> Work task:
Exactly and only the lines below from the one containing "imperiul roman adevarat jpg" down to the one containing "瑠魁さんのプロフィール画像" are wanted, both included; please exclude every picture.

> Source data:
──────────
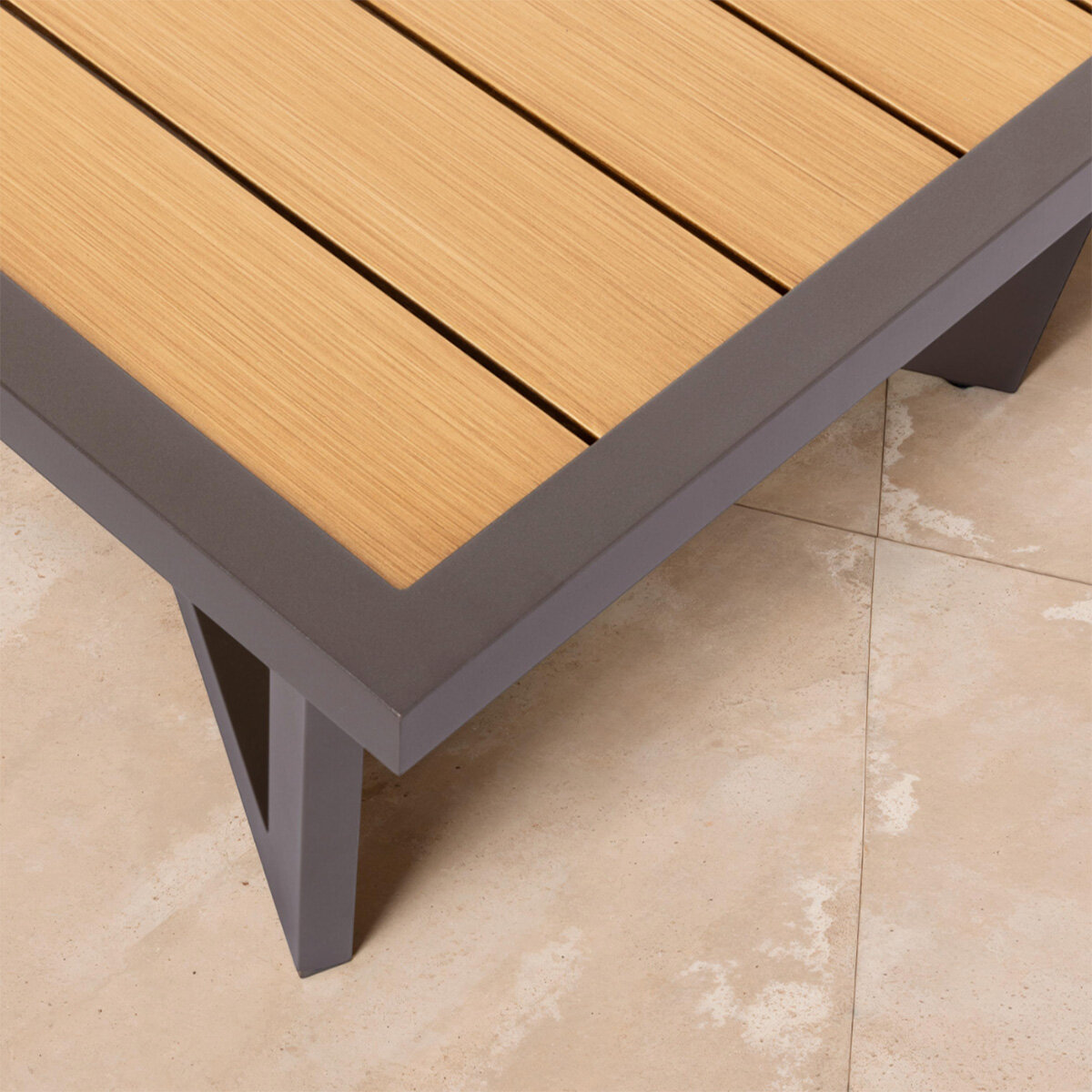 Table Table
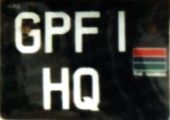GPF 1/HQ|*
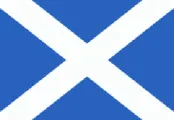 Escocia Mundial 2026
──────────
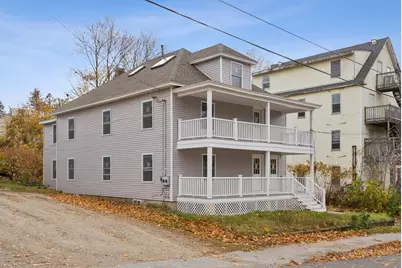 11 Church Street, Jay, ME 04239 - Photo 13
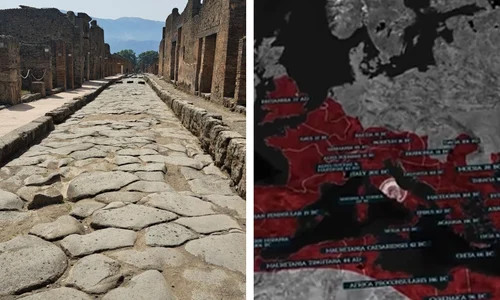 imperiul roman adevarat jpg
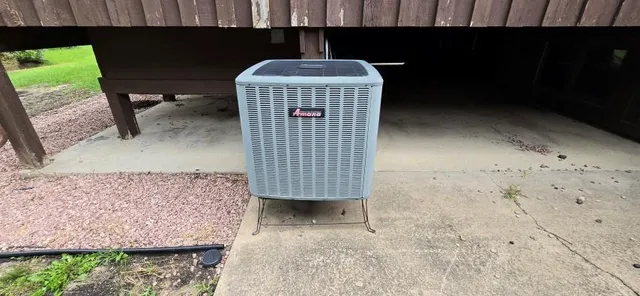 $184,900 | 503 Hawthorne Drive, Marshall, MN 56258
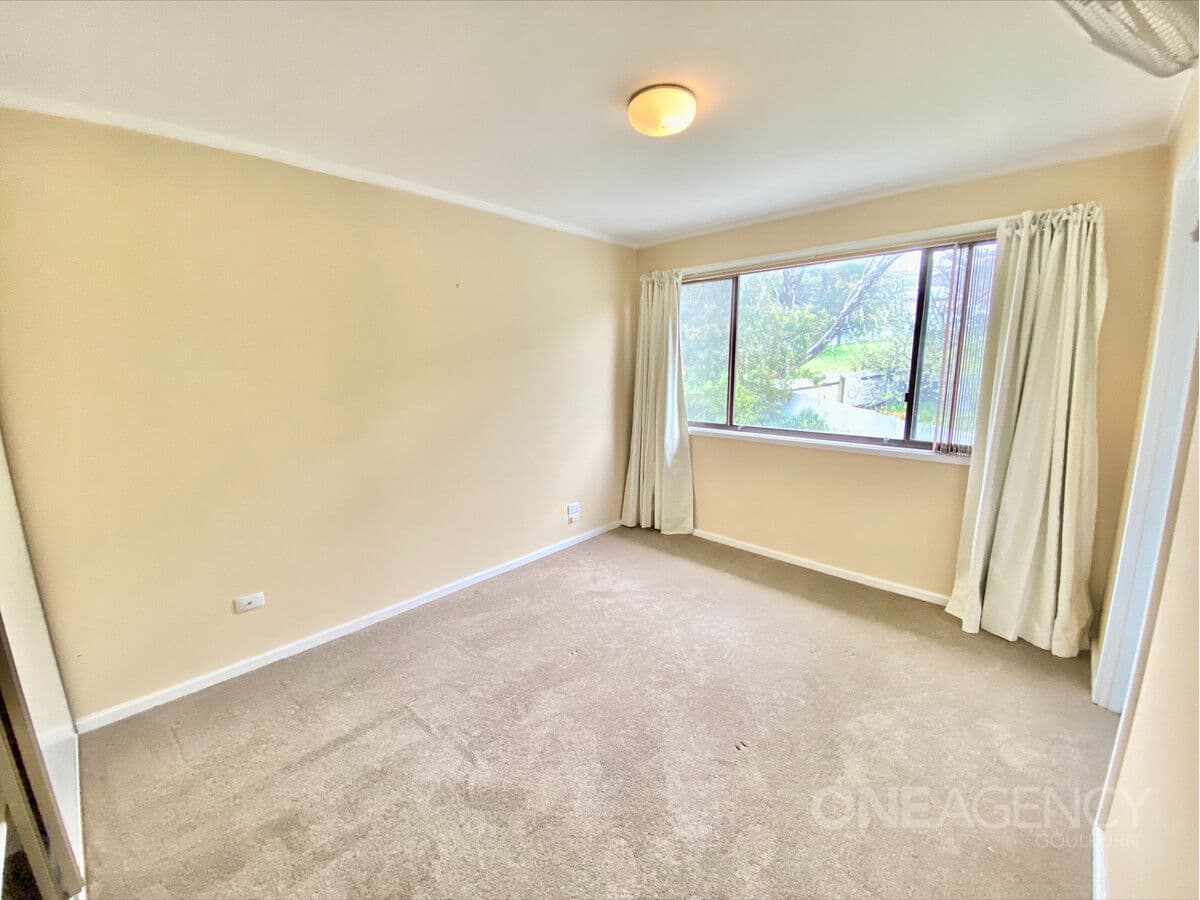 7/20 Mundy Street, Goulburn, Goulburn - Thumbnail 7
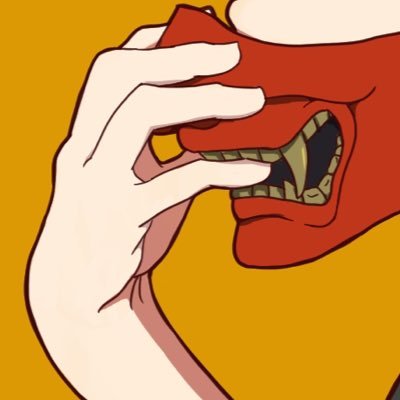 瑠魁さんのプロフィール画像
──────────
> Task response:
 imperiul roman adevarat jpg
 $184,900 | 503 Hawthorne Drive, Marshall, MN 56258
 7/20 Mundy Street, Goulburn, Goulburn - Thumbnail 7
 瑠魁さんのプロフィール画像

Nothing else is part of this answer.